En 2010 ingresó a un tratamiento intramural recomendado por el médico que lo atendió, pero debido a que su familia no podía asumir los costos —y tras haber solicitado a su EPS que lo hiciera, sin respuesta de ningún tipo— abandonó el tratamiento. Mas no la lucha.
Dos instancias judiciales negaron la gratuidad del tratamiento hasta que el caso llegó a la Corte Constitucional, que dio una lectura diferente: dada la circunstancia de que sea un caso grave, que el paciente tenga la voluntad de curarse y siempre que no cuente con los recursos necesarios para las respectivas medidas médicas, la EPS a la que esté afiliado deberá asumir los costos del tratamiento.
Un avance no sólo en la lucha de Zambrano, sino de miles de adictos que, por extensión, están comprendidos por esta ‘subregla’ que desarrolló la Corte: “El sistema general de salud debe brindar la atención que requieran las personas que padecen de drogadicción crónica, a través de las EPS o instituciones públicas o privadas que tengan convenio con el Estado”. Es un acierto. Muchas de las personas que critican el problema de las drogas lo ven por el lado que no es: la moral, la seguridad, la decencia o las buenas costumbres. Y no. Es un problema que se reduce al fuero interno de cada persona y a su salud.
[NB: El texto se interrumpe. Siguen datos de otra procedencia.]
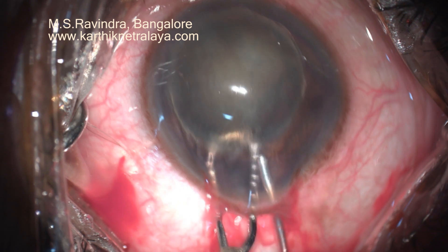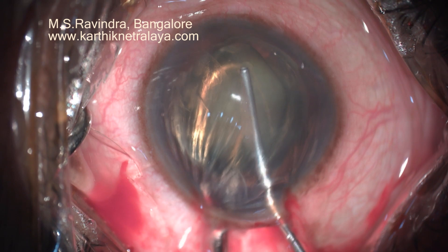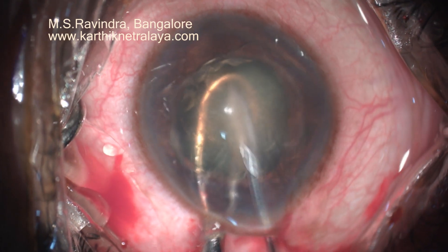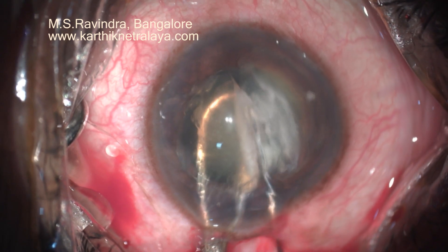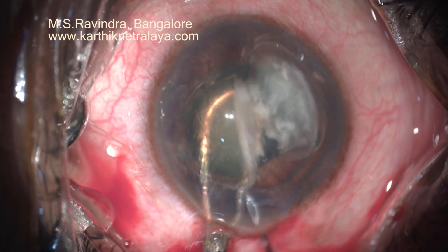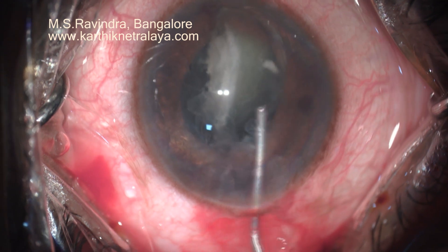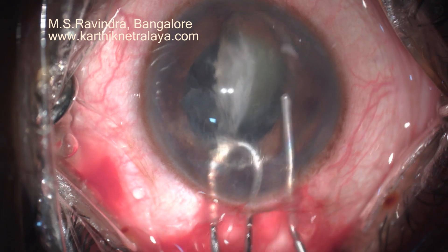So I try to bisect the nucleus with my routine technique of bisecting with a shaft of 25 gauge cannula. It is not cutting through, so I am using a cystitome to complete the bisection, ensuring that the two halves are totally separated. I am removing the hemi nuclei one after another, impaling the cystitome into the nucleus so that it helps me in visco-expressing it. The other half is also expressed similarly.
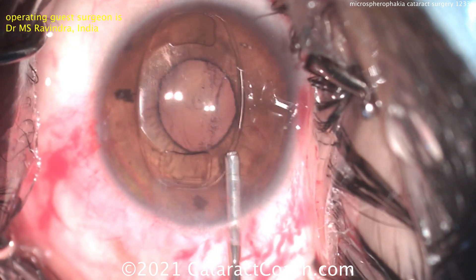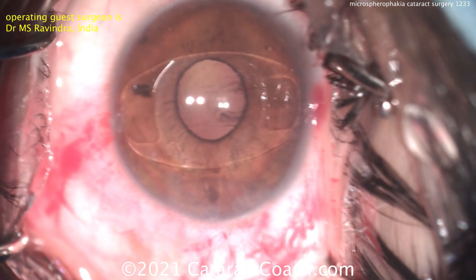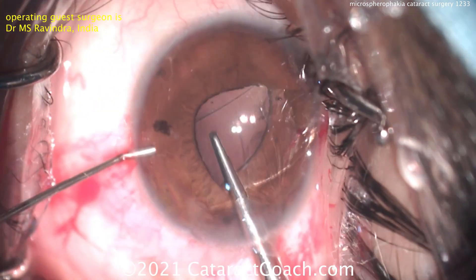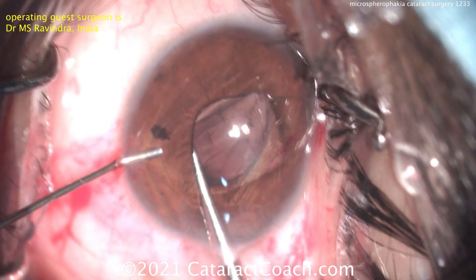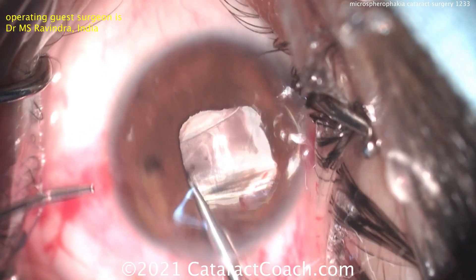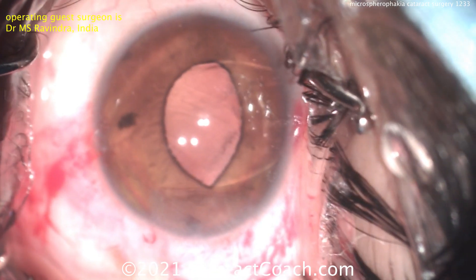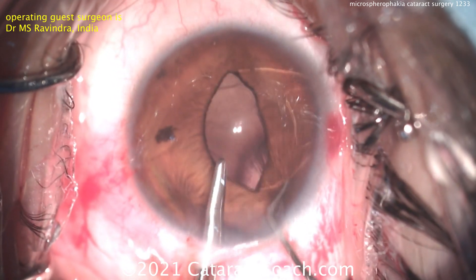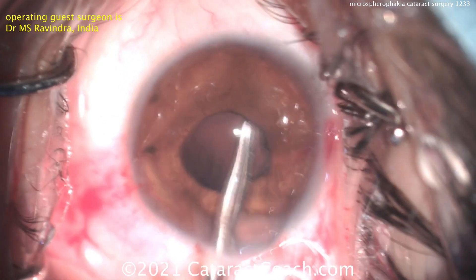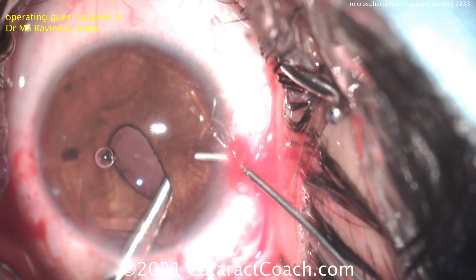Maybe this patient would benefit from other forms of IOL fixation. In this case, putting in an iris clip lens — that's a good choice here, because there's really not enough support to have a regular lens. The iris clip lens can be placed on the anterior surface of the iris or the posterior surface. Unfortunately, in the USA these lenses for pseudophakia are not available. But outside the US, you can enclavate the iris and trap it in that pincher arm of this IOL. Putting the lens into position, being very careful — I like this two-handed technique — and then using the other hand to get a little bit of iris enclavated.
Una de las grandes batallas que se dan a la hora de pedir la despenalización de las drogas tiene como elemento subyacente el tema de la salud: no sólo porque (en la mayoría de los casos) el adicto representa un problema sobre sí mismo, sino porque con ese enfoque pueden encontrarse soluciones mucho mejores al problema del consumo de drogas: la identificación de los consumidores, por ejemplo, hoy tapados todos bajo una cobija muy grande que no permite la distinción entre los ocasionales, experimentadores, habituales, enfermos y otros; las campañas preventivas, la información amplia que sobre drogas existe en el mundo, los tratamientos para el abandono del vicio y muchas otras cosas.
La Corte ha dado un paso importante. La implementación de esta nueva regla, pese a las quejas de índole moral que puedan existir, debe hacerse lo antes posible. Es un tanto desalentador que se haga bajo el modelo de una tutela, dos instancias y finalmente una decisión del alto tribunal en torno al derecho fundamental de la salud. Pero, sin duda, constituye un avance. Sobre todo en tiempos en que se habla cada vez más y más de adelantar un cambio de enfoque (mundial) en torno a la lucha antidrogas: se ahorraría mucho si este cambio se da.
Como lo hemos dicho muchas veces, la transformación del debate a nivel mundial no se dará de un día para otro. Falta destapar todo lo que está en juego por debajo. Pero es posible que se llegue: con una apertura de puerta de este estilo se avanza a pasos lentos pero seguros. Sólo esperamos que en torno a este nuevo fallo no sean opuestos (sacrificando la salud de los pacientes) argumentos que excedan el análisis jurídico y sociológico que ha hecho la Corte. Es posible que también los legisladores piensen en cambiar la visión punitiva que se tiene a este respecto. Podríamos adelantarnos en muchos temas a raíz de este fallo. Es hora, pues, de reabrir el debate.